Slovenia has always been the crossroads between north and south, east and west, so the wines have multiple influences. Accordingly, French, Italian, and German customs are evident in the growing and production of the grapes.
Pinot Grigio seems especially sensitive to the terroir where it is produced, so the influence of the Mediterranean and the mountains as well as the mineral-rich soil give the Giocato some pop.
I pulled this bottle from my cellar, but the 2012 vintage should be released right about now. It will not vary much from the 2011 taste profile.
WINERY: Wine grapes have been grown in the area since before the Roman Empire, back to the time of the Celts. Edi Simcic’s grandfather got the family started in the wine business, but when World War II ended Edi had to change how he operated.
When the Communists took power in 1948 Goriška Brda moved from Italy to the new Yugoslavia. Suddenly the wine producers were required to give a large portion of their grapes to the government, and the wine industry as they knew it ended.
Instead of selling his grapes wherever he could find the best price, Simcic now had to work for a 750-member, government-controlled cooperative. When the Berlin Wall fell in 1989, it took only a year for the Simcic family to set up a company and begin selling their own wine again.
Starting with less than 9 acres in 1990, the Simcic estate has grown to about 30 acres of vines on the sloping hills to the south and west of the village of Vipolže.
In 25 years the Edi Simcic winery has become one of Slovenia’s stars, getting worldwide attention for its fine wines. Both Goriška Brda and Collio have grown in stature with lovers of quality wine.
Aleks Simcic works with other local winemakers to pick the most suitable vineyard sites, decide on varieties to grow and work on winemaking techniques.
The Simcic winery partnered with U.S. wine importer Small Vineyards – August Wine Group to develop Giocato to meet American market demands for wines of a simpler character with fresh mineral notes. The line consists of Pinot Grigio, Sauvignon Blanc, Chardonnay, Ribolla, Merlot, Cabernet Sauvignon and the upcoming Pinot Noir.
GOES WITH: We sipped the wine with a few snacks, and it was delicious. But it is such a pleasant wine, it practically screams for food. The crisp acidity and mineral flavors would make it great with seafood or poultry.
“This could be my favorite wine,” said our friend Sandy, who really enjoyed the freshness of the Pinot Grigio as we glided along the Augusta Canal.
Sandy and her husband joined my wife, Teri, and me on a moonlight music cruise on the canal on a beautiful spring evening. We have done this before, and it is always a treat. You can bring your own drinks and snacks to enjoy while the Petersburg boat takes a leisurely spin along the canal. The Friday night cruises operate in April, May, June, September and October.

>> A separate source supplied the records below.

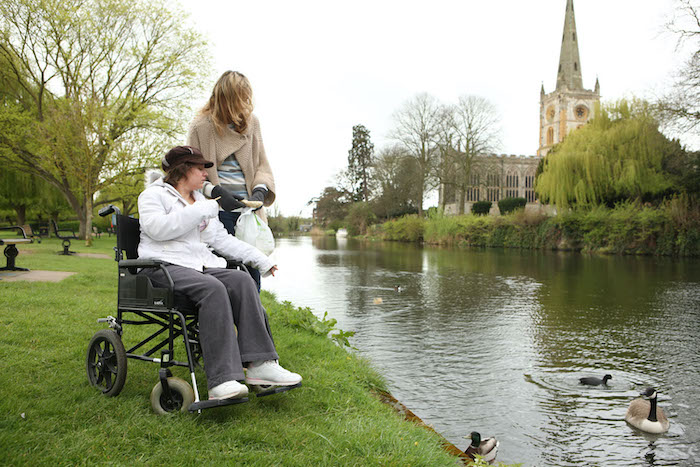 Helping Hands live-in carer feeding ducks with a customer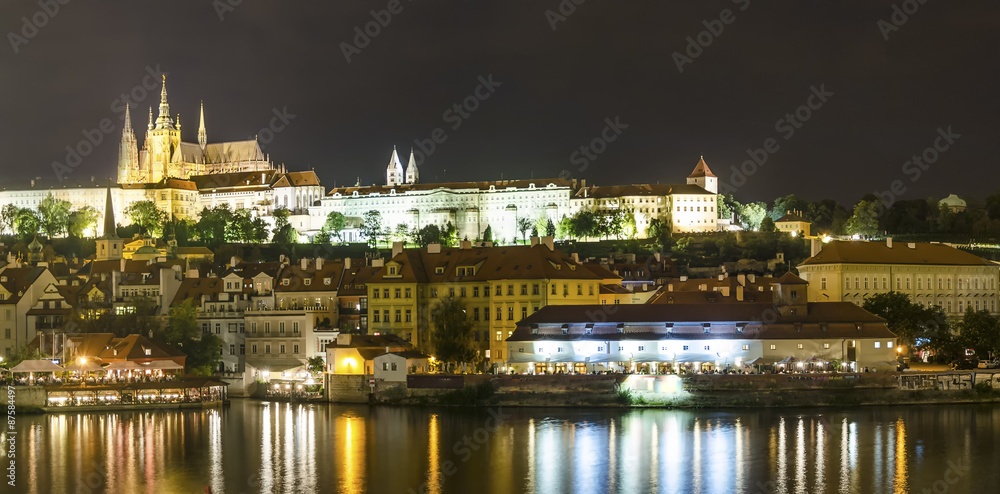 Illuminated Prague Castle in summer by night, Czech Republic, Europe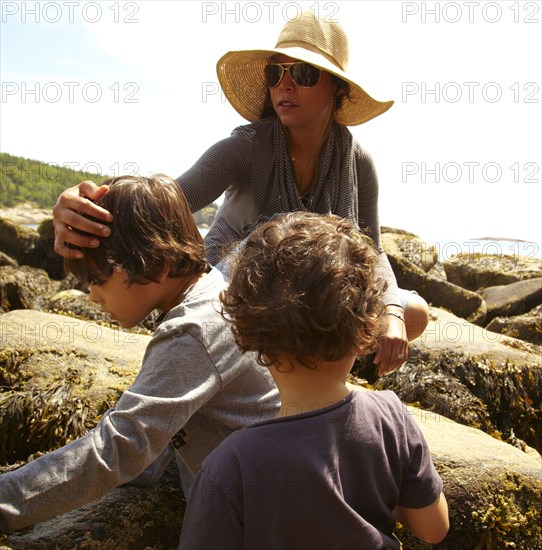 Mother and sons sitting on rocks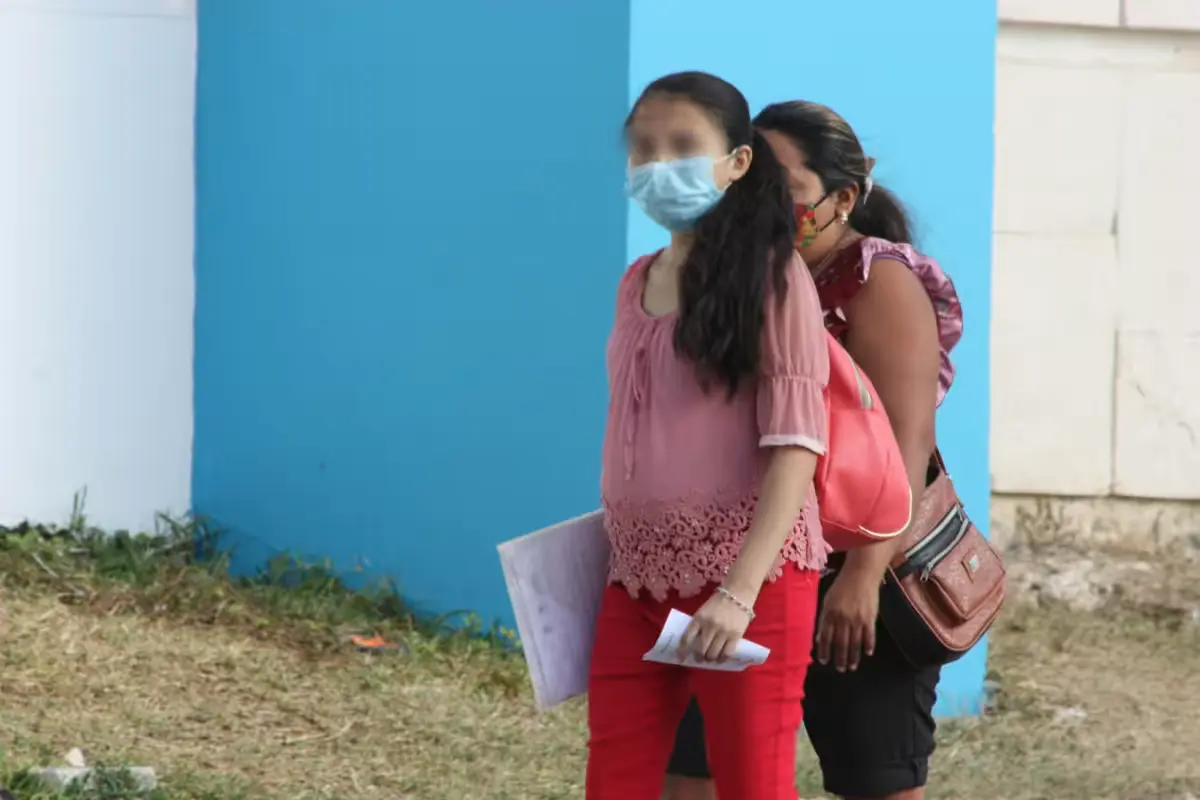A social worker talks with a teenage mother at a DIF office in Cozumel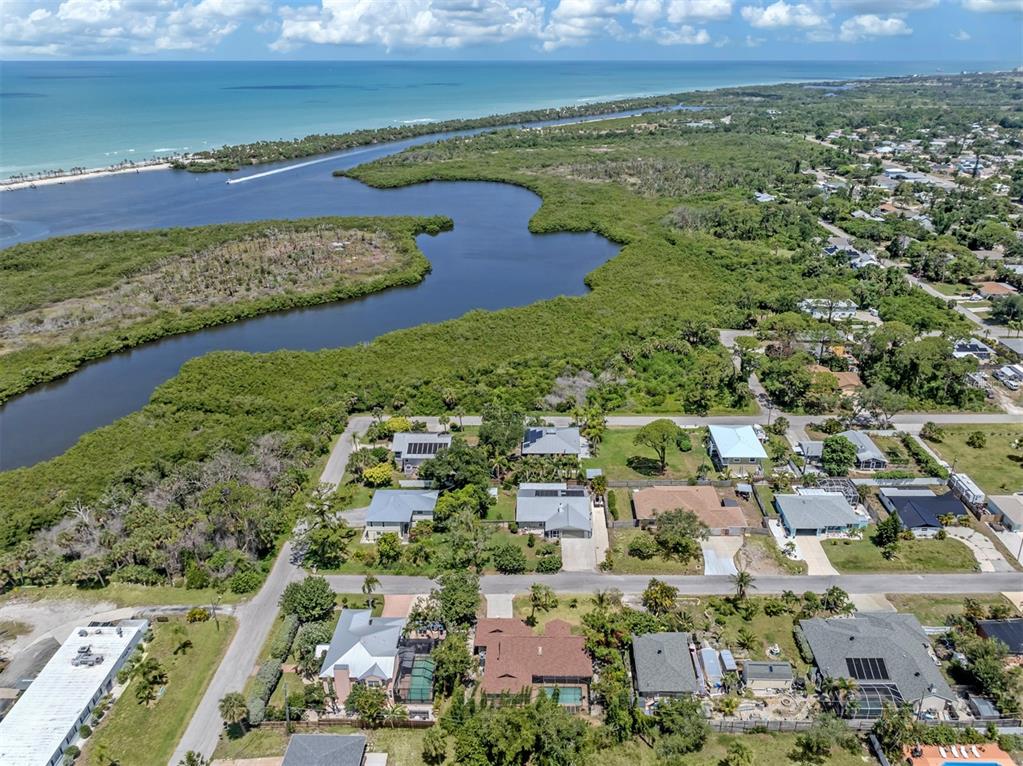 An aerial view shows a residential neighborhood bordering a large mangrove-filled waterway and the ocean — 1533 FUNDY ROAD, VENICE, FL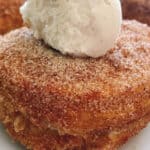 A homemade cronut topped with vanilla ice cream.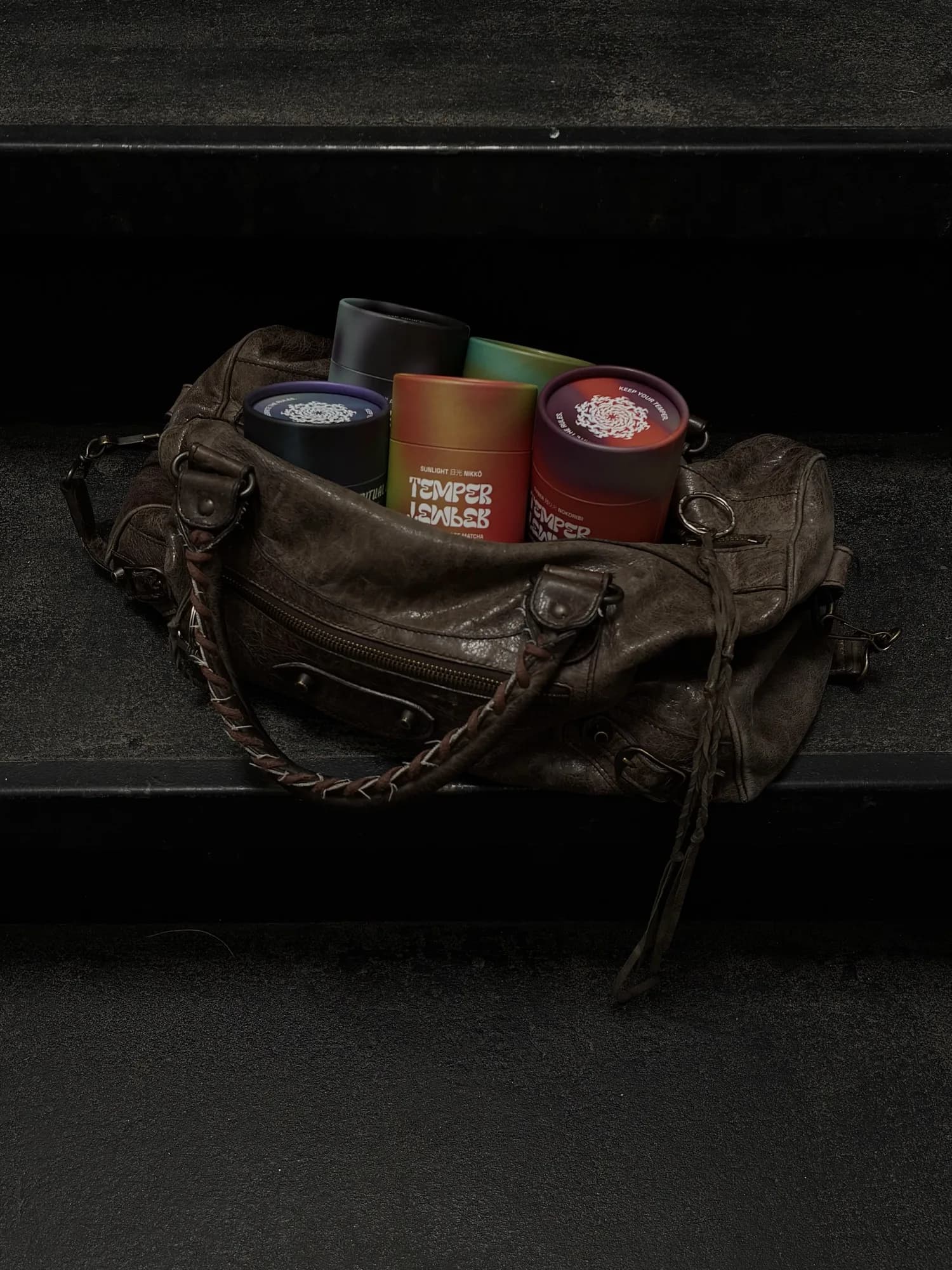 Temper Temper tins spilling from a leather bag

On this night the music was provided by Tara Scheyer and Erin Jacobs (who is Teri’s daughter), so we had an even better time. Both women have beautiful voices that blend together perfectly, turning an ordinary boat ride into a magical journey. They sang some of Tara’s creations and old favorites that had the full boat singing along. The talented Tara even brought along sticks for us all to play rhythmically on a couple of songs.
I could see this versatile wine with grilled shrimp that had been marinated in ginger and lime juice, barbecue chicken, pan fried crab cakes, a nice salad or fried green tomatoes.